A relic from Giant Mine’s heyday is whole once again – thanks to a little TLC from some locals.
Among rusting vehicles and machinery lining the Giant Mine boat launch parking lot is the former gold mine’s first-ever fire truck. For the past five years, the pumper truck has been missing a door – until this week.
Peter Houweling, general manager at Kavanaugh Brothers Ltd, donated his time to weld the long-missing door back into place.
“Peter’s a great guy,” said Ryan Silke, director of the Yellowknife Historical Society. “It’s just a good demonstration of the community’s interest in helping us out with this display.”
In 2015, someone cut the truck’s door off its hinges and stole it. Silke said the truck already had its windshield smashed long before that.
“I went out there just to do some routine work at the site and I noticed there was a gaping hole in the truck,” Silke recalled. “That was kind-of a shock.”
After the case gained media attention, Silke said the door – which reads “Giant Yellowknife Mines Limited” in yellow letters – was returned, along with an anonymous apology note.
Since then, the door has been sitting in storage. Silke said until recently, he hasn’t had time to have it reattached.
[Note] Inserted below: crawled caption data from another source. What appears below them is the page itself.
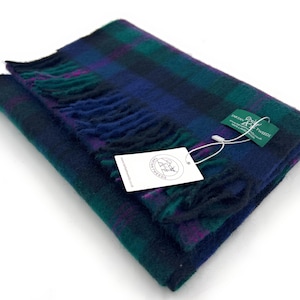 Baird Lambswool Large Clan Tartan Scarf Unisex 180cm x 30cm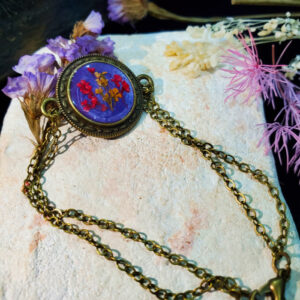 Vintage Violet Floral Bracelet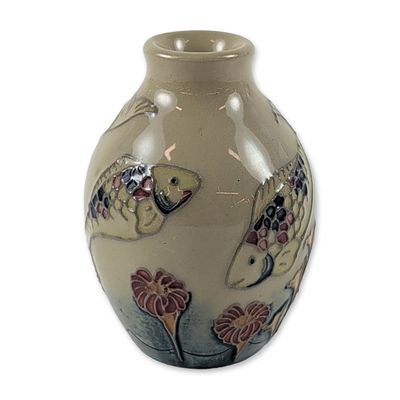 Moorcroft British Miniature Fish Vase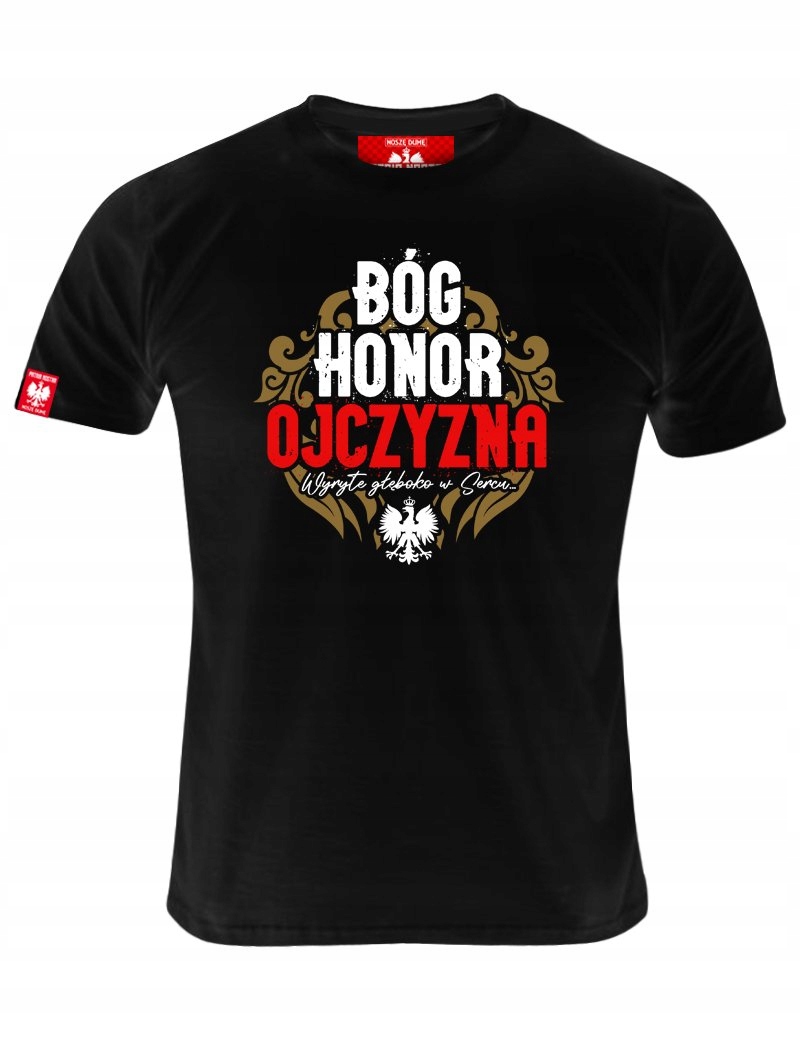 

Koszulka Patriotyczna z orłem Bóg Honor Ojczyzna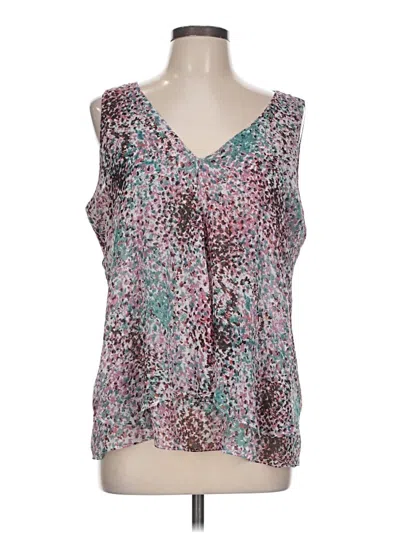 Pre-owned Milano Sleeveless Blouse In Blue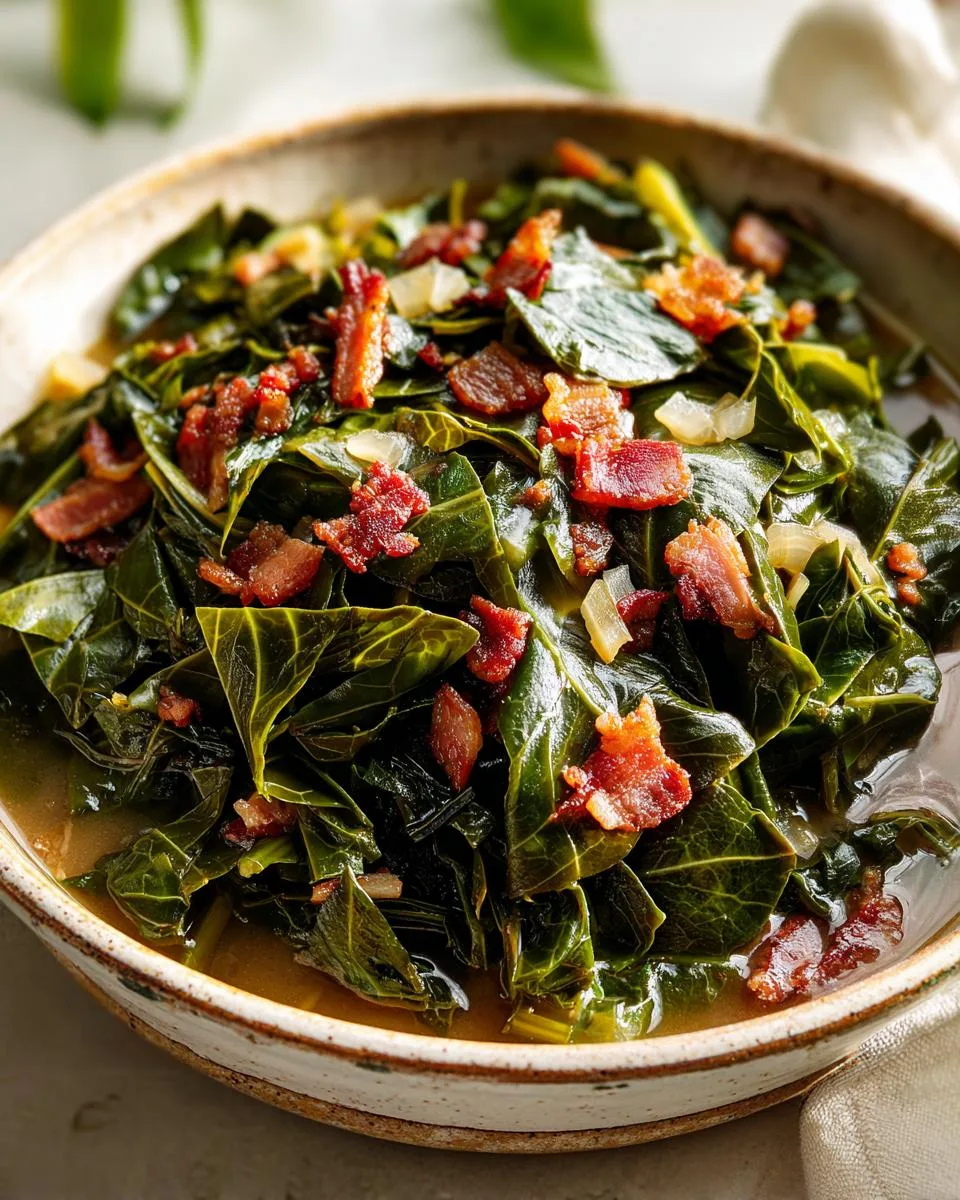 Braised Collard Greens Recipe - 5 Secrets to Silky Southern Perfection 8 Braised Collard Greens - detail 3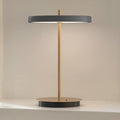 LED bordlampe Asteria Move oppladbar antrasitt messing forfra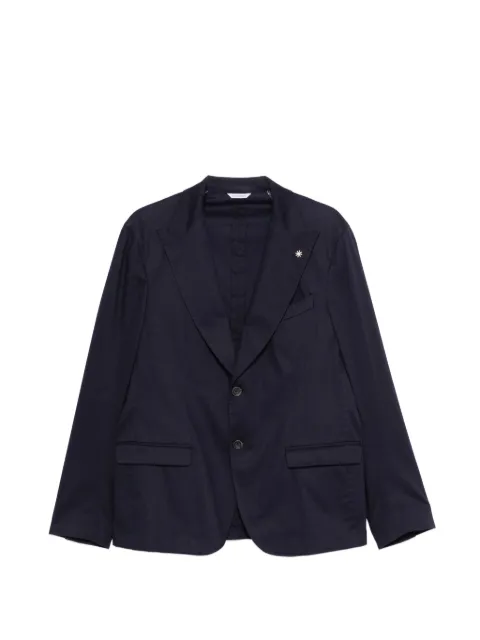Manuel Ritz peak-lapel button-fastening blazer Blue 2832G2748203134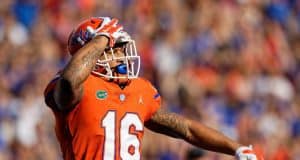 Florida Gators receiver Freddie Swain after scoring against Colorado State- 1280x853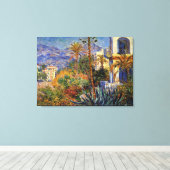 Monet - Villas op Bordighera Canvas Afdruk (Insitu (Houten vloer))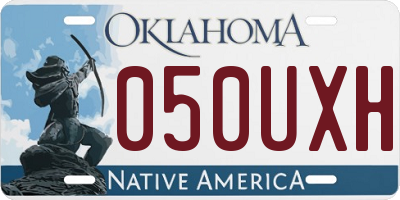 OK license plate 050UXH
According to Silke, the pumper truck was purchased around 1950, when the mine’s fire department first began operating. The truck ran for 20 years at Giant Mine, he said, until it was replaced with a more modern model.
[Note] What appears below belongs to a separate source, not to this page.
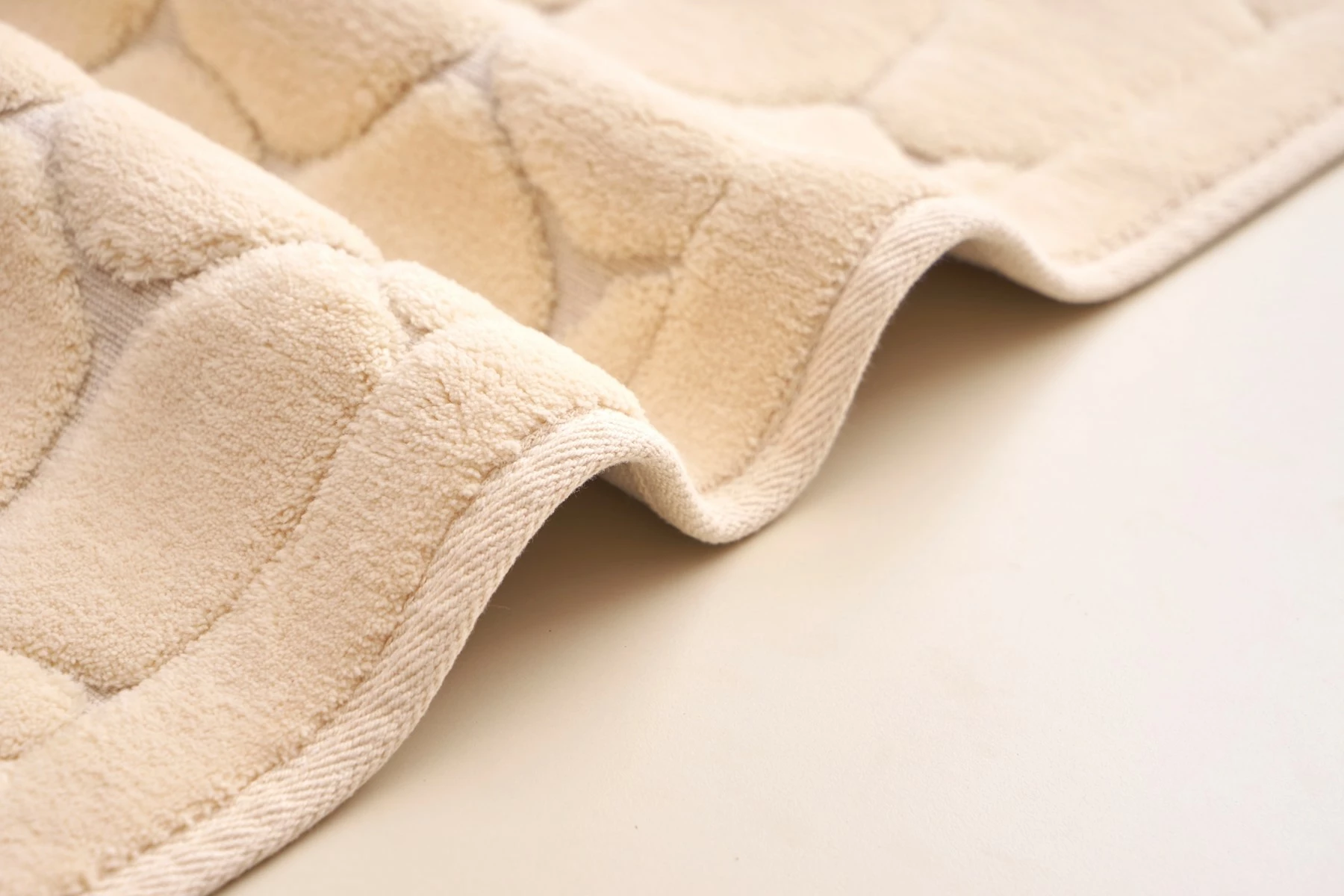 Set tapetash për banjo, 2 copë, pambuk, ngjyrë kafe e çelët, Mijolnir 000127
“Back in those days, Giant Mine was pretty isolated from Yellowknife,” Silke explained. “There was a road, but to get a fire truck from Yellowknife to Giant Mine, it would’ve taken a long, long time.”
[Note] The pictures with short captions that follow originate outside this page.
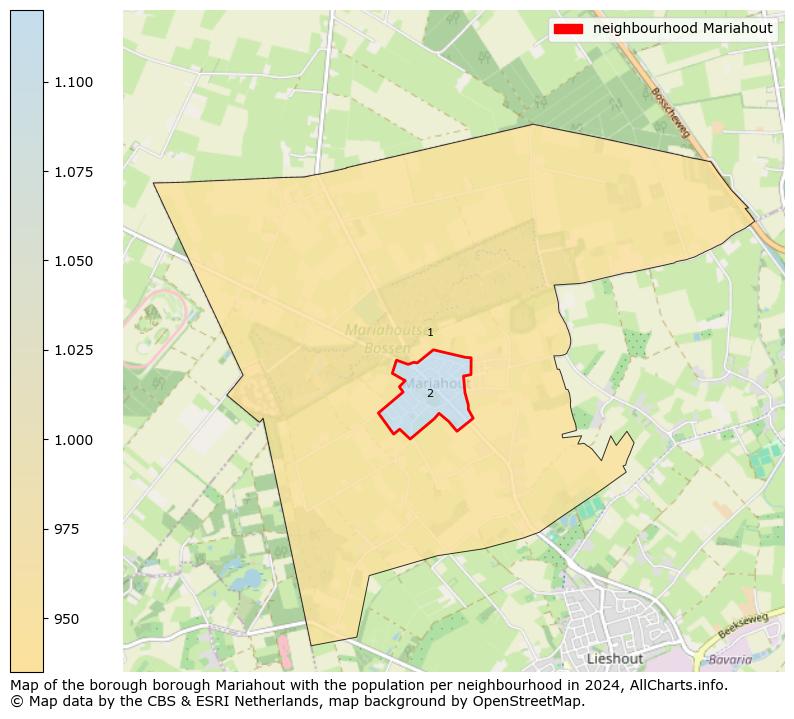 Image of the neighbourhood Mariahout at the map. This image is used as introduction to this page. This page shows a lot of information about the population in the neighbourhood Mariahout (such as the distribution by age groups of the residents, the composition of households, whether inhabitants are natives or Dutch with an immigration background, data about the houses (numbers, types, price development, use, type of property, ...) and more (car ownership, energy consumption, ...) based on open data from the Dutch Central Bureau of Statistics and various other sources!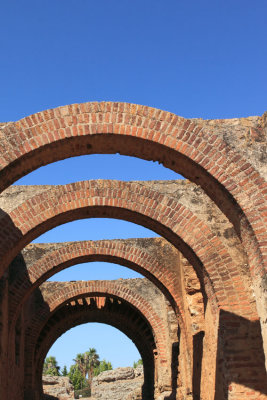 Ampitheatre entrance, Roman ruins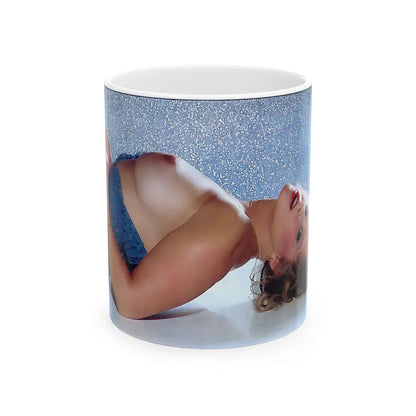 Linda Blair #193 - Topless (Vintage Female Icon) White Coffee Mug-11oz-Go Mug Yourself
The truck is an “iconic piece of Giant Mine,” he said, and has been cared for over the years by former employees.
The Giant Mine boat launch is home to several pieces of machinery from the former gold mine.
The truck is one of several items the society hopes will form part of a mining museum displaying the rich history of mining in and around Yellowknife.
Silke noted volunteers clean up the boat launch parking lot every year, which is a popular public area. People use the vintage vehicles and machinery as a backdrop for photo shoots, he said, and recently a Taiko drumming group used the site to film an annual commemoration of a famous Japanese drummer.
“We just want to make it enjoyable for everybody,” Silke said.